Попытаюсь подыграть своей неуемной болтливости в том же духе.
Д е м е з о н. Забившись в нору, как дикие звери, как большинство художников, писателей и дилетантов, мы подглядываем в щелку за спектаклем жизни и выискиваем у актеров несовершенств. Но если бы все жили в норах, никакой комедии бы не случилось, и было бы очень скучно. Мы чересчур привередничаем.
Д е л а р ю. Возможно, но не в наших интересах проявлять снисхождение, не нам же делить выручку.
Д е м е з о н. Как раз этого нам и недостает. Нам следовало бы высказаться определенно. Кто знает? Глядишь, и наше бы сердце дрогнуло при виде того, сколько наших подалось в разбойники!
Один из читателей недавно прислал мне следующую цитату, что так прекрасно вписывается в тему, к которой я постоянно обращаюсь, а именно: взаимосвязь — и довольно тесная, на мой взгляд, — между стилем литературным и стилем спортивным, что я непременно поместил бы ее на видном месте своей книги «Точность двигательной и духовной механики», если бы мне посчастливилось наткнуться на нее раньше.
Есть у меня мыслишка насчет того, что значит быть живым. Это единственное, что меня всерьез занимает. Это и теннис. Однажды я надеюсь написать большую философскую книгу о теннисе. Что-нибудь наподобие «Смерти после полудня».
Но я понимаю, что такой труд мне пока еще не под силу. Я думаю, что, если в теннис будут играть все народы земли, это очень поможет уничтожить различия, предрассудки, расовую ненависть и т. д. Вот отработаю, как следует, удар справа и свечку и начну делать наброски этого большого произведения.
(Людям утонченным может показаться, что я пытаюсь смеяться над Хемингуэем. Вовсе нет. «Смерть после полудня» — прекрасная, добротная проза.
О философском ее содержании я никогда не скажу худого. По-моему, философия там гораздо мудрее, чем у многих маститых профессоров. Даже когда Хемингуэй дурак, он, по крайней мере, очень дотошный дурак. Он огромен. Для литературы это в некотором роде прогресс — рассуждать в свое удовольствие о природе и значении вещей, чей век очень краток.)

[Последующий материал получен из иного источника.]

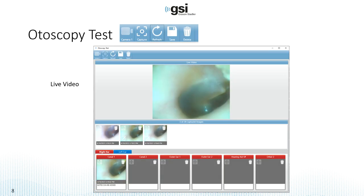When you select the Otoscope icon, the Otoscopy test window will appear. In the middle of the screen is the live video — so the Otoscope will be showing a live view of whatever you're pointing it at. To take an image, you can press the capture icon at the top of the window or just press the button on the Otoscope itself. You can capture up to 24 images, and if there are more than eight, a scroll bar will appear so you can scroll through all of those images.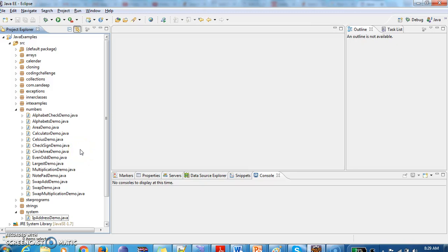Hi guys, welcome to javainterviewquestions.com, this is Sandeep. Today we will write a Java program to check how to generate random numbers.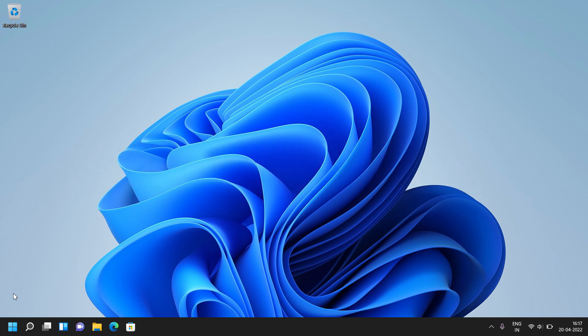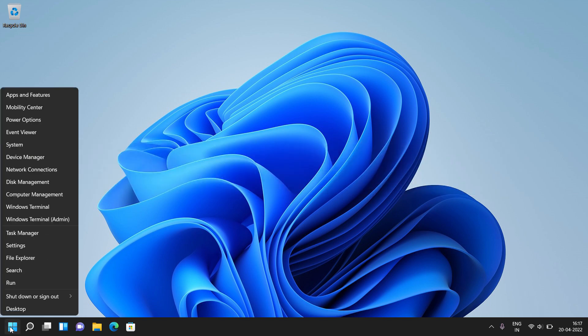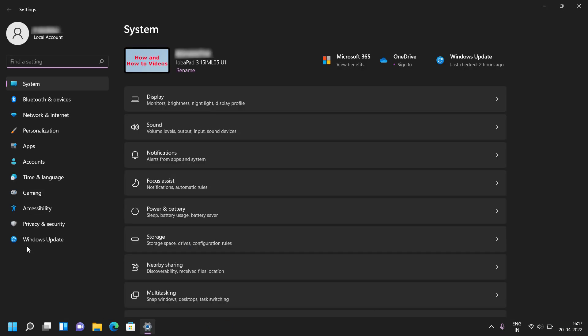Right click on Windows Start button. Click on Settings. Click on Accessibility present at the left side of the window.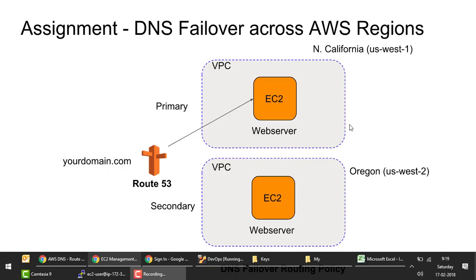In this assignment we are going to see DNS level failover across AWS regions. In the last assignment you did load balancing — one elastic load balancer with multiple web servers behind it doing load balancing across the web servers. Here we would have a top-level DNS and a domain name associated with it.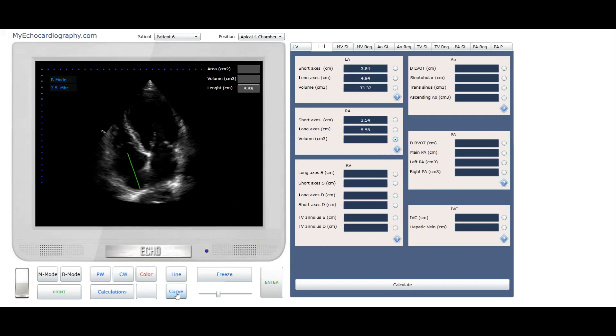Let's measure volume of the right atrium. Click the button curve. Place the points around inner wall of the endocardium of the right atrium. Click the button enter to save value.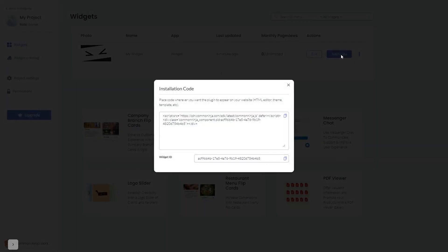In the window that opens, copy the code and close the window.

«Рассуждать в свое удовольствие о природе и значении вещей, чей век очень краток» — вот что во все времена, даже раньше, чем я сам это осознал, являлось моим литературным замыслом, а еще для меня это так или иначе всегда было связано с почти навязчивой идеей о том, как бы поточней ударить по мячу во время игры с ракеткой. И еще я думаю, что довольно часто кажусь дураком или неуклюжим увальнем, который упрямо гоняется за точностью (чей век очень краток) траектории удара слева или слова, отмеченного здравым смыслом. Ясность и точность почти мистического порядка всегда казались мне истинной целью любых упражнений без всякой связи с победой или проигрышем.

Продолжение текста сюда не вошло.